今年の2〜3月にかけてこの映画の試写会が開催され、筆者も鑑賞すると同時に、監督の小林茂さんと編集を担当する秦岳志さんにインタビューする機会を得た。このインタビューをもとに、制作者側からの本作品への思いと、筆者が感じた魅力について紹介してみよう。

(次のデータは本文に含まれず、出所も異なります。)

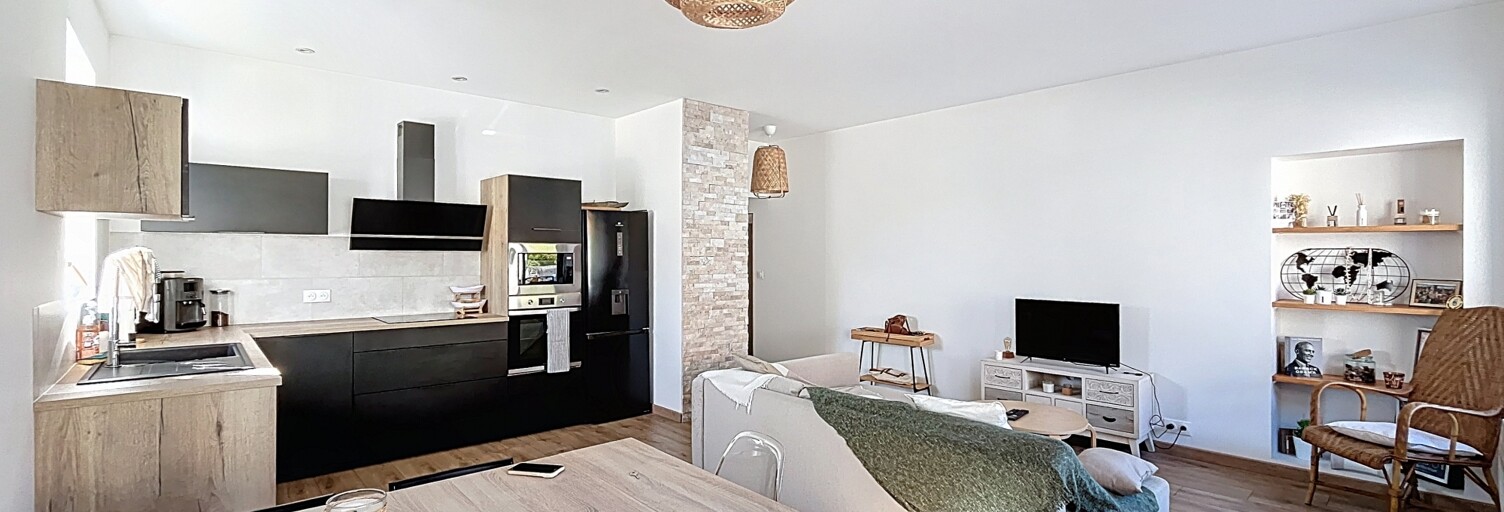 Maison 3 Pièces 82 m² à vendre à Hagetmau (40700)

本作品は、小林さんが、1999年からティカでNGOモヨ・チルドレン・センターを運営する松下照美さんに、「ティカの子どもたちを撮ってくれないか」と依頼されたことがきっかけになり、2008年春に完成した。腎不全の病を抱える小林さんは、松下さんからの依頼を受けて、人工透析が必要になる前にティカでの撮影に入ろうと決断。2006年6月から約5ヶ月をかけて現地での撮影が行われた。「撮影前から、松下さんを主人公にしたモヨ・チルドレン・センターの宣伝映画にはしない、ストリートで暮らす子どもたちのありのままの日常を撮る、ということは決めていました。しかし、実際に現地に行ってから、そのことがいかに大変なことなのかに気付かされましたね。ストリートで暮らす子どもたちと関係ができて、実際に子どもたちの日常生活を撮ることができるまでに時間がかかり、相当にあせりました。松下さんとモヨ・チルドレン・センターに集まる子どもたちだけで完結した作品をつくるのであれば、すぐにでも撮影を開始することができたでしょう。しかし現実には、子どもたちは街中のストリートで暮らしています。子どもたちの日常と子どもたちを取り巻く世界を描くためには、ストリートで生きる子どもたちや街の人たちとの関係をつくり、撮影する自分たちのあり様を認めてもらわなければならない。そのためにはまず、毎日毎日子どもたちと一緒に歩く、食堂など人々が集まるところに片っ端から入って、自分が何をしているのかを説明することから始めました」と、小林さんは語る。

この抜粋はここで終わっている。